Dear Father, I find very interesting your idea that Hucusque established a coexistence of two forms of Roman rite. It seems that the appendix was (a variety of) Gelasian sacramentary while the book sent by Pope Hadrian belonged to the family of sacramentaries known as Gregorian and represented the use of papal household.
Regarding the Charlemagnes efforts at unity (cf. your previous post), we should remember that he also attempted to eradicate the Ambrosian rite in Milan, even using letal force, and secured approval from the Pope. Thus the survival of their rite the Milanese owe to a single-man crusade of a Roman rite (sic!) bishop who obtained a reversal of the papal decision (see https://sicutincensum.wordpress.com/2021/07/23/repost-mysterium-mysteriorum-how-the-ambrosian-rite-survived-charlemagne/).

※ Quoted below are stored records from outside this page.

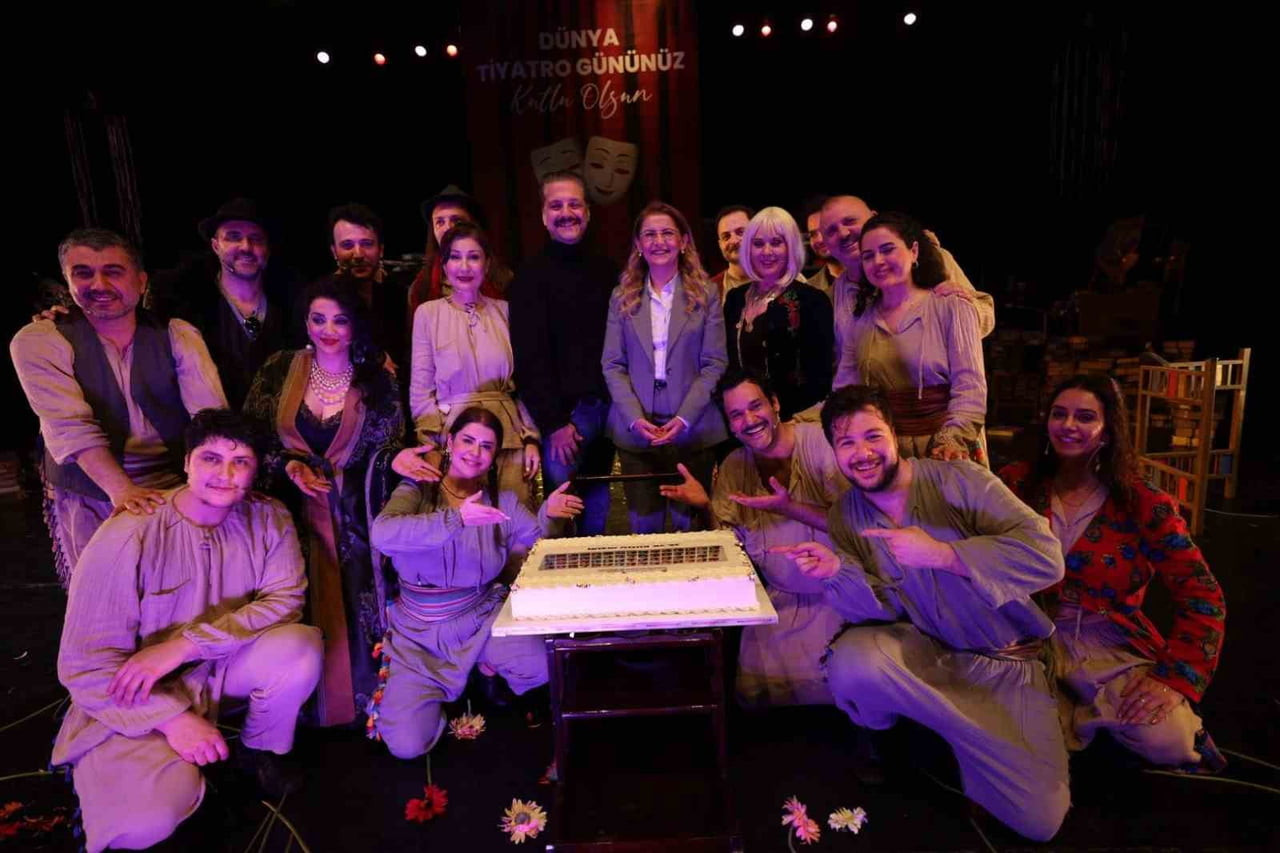 AZİZ NESİN’İN UNUTULMAZ ESERİ EŞEĞİN GÖLGESİ, DÜNYA TİYATRO GÜNÜ KAPSAMINDA BAKIRKÖY BELEDİYE...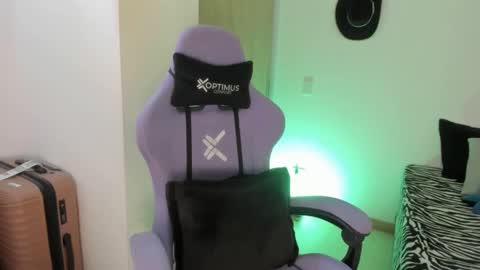 Snapshot of juli_santos_22 chatting on 22, 2, 2025 juli_santos_22 online show from 22, 2, 2025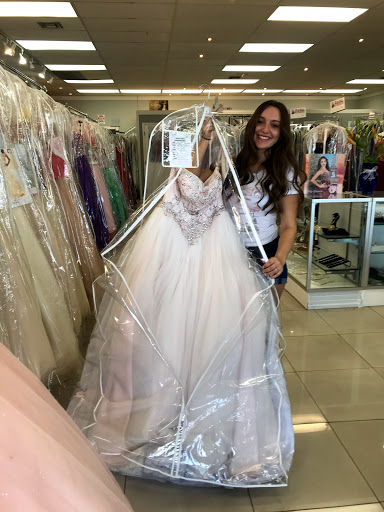 Bridal Shop «Modabella Bridals», reviews and photos, 1433 W 49th St, Hialeah, FL 33012, USA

Moreover, Traditionis Custodes is so ill-informed and cack-handed that, by referring only to the liturgical books of the Roman Rite from 1962, it leaves the Ambrosian, Dominican, Carmelite and other rites untouched. As any canonist will confirm, it is a basic principle of canon law that prohibitions are to be read strictly and permissions broadly.
"Given the ad lib four alternatives of the Novus Ordo canon, it's in any case ridiculous to claim the NO is a single form."
Although it should be noted that many rites have multiple anaphorae or canons, for example the Maronite Qurobo which has 72 possible anaphorae, or the Byzantine Rite which can use either the liturgy of St. John Chrysostom or St. Basil.
I don't think it is the multiplicity of canons that is the problem; it is the fact that 3 of them were newly created (allegedly in a cafe in Trastevere) with no continuity to past tradition, downplaying the sacrificial nature of the Mass, and introducing the epiclesis a concept foreign to the Roman Canon before then.